Limitations and the Path for Future Research
Despite the robustness of the four-study design, the researchers acknowledged several limitations. Most notably, the data relies heavily on self-reporting and hypothetical scenarios. While the experimental manipulation of the "Alex" character provided strong evidence, it does not perfectly replicate the complexities of real-world economic policy, where perceptions of deservingness are influenced by media, culture, and personal experience.
Furthermore, the study utilized a traditional left-right political scale. Modern political science increasingly recognizes that voters may be economically liberal but socially conservative, or vice versa. Future research could explore whether "populist" voters—who often harbor high levels of resentment toward "elites"—exhibit different psychological profiles than traditional progressives.

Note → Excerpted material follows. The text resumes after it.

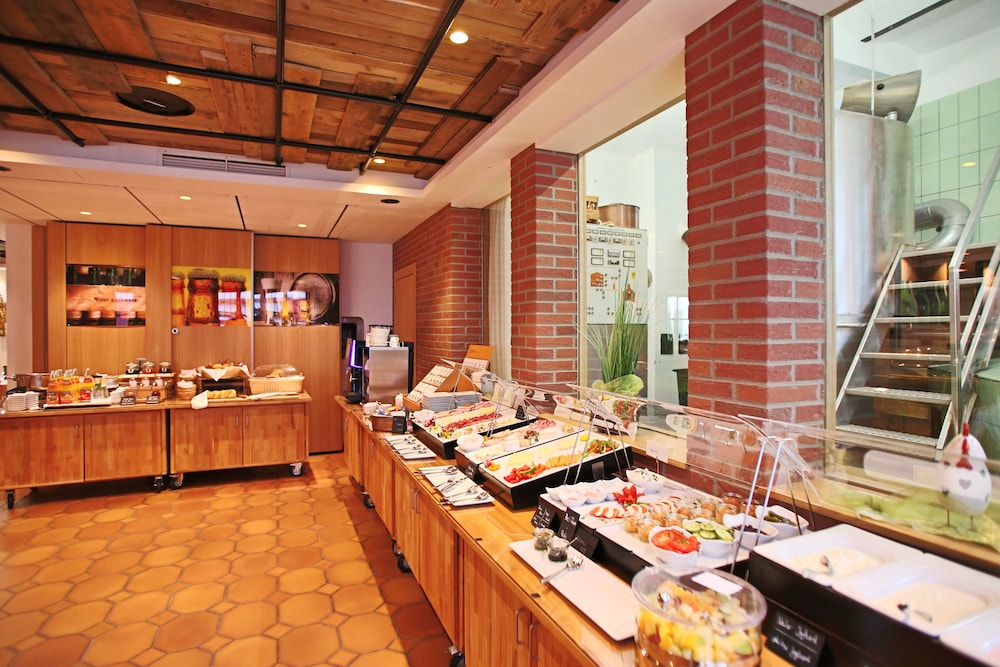 best western plus bierkulturhotel schwanen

The researchers also suggested that future studies should use behavioral measures, such as games where participants must redistribute real money, to see if the same meritocracy-driven patterns hold when actual financial stakes are involved. Additionally, examining how concerns about personal liberty and the efficiency of government spending interact with meritocracy beliefs could provide a more holistic view of why people oppose or support taxation.
Conclusion
The research by Neerdaels, Blatz, and Crusius offers a pivotal correction to the understanding of economic psychology. By demonstrating that support for wealth redistribution is a byproduct of fairness-based reasoning rather than malicious envy, the study reframes a central conflict of modern democracy. It suggests that the divide between the left and the right is not a battle between those who work hard and those who are jealous of them, but rather a fundamental disagreement over whether the current economic system truly rewards merit. As global inequality continues to be a defining issue of the 21st century, understanding the genuine psychological drivers of public opinion will be essential for creating policies that the public perceives as legitimate and just.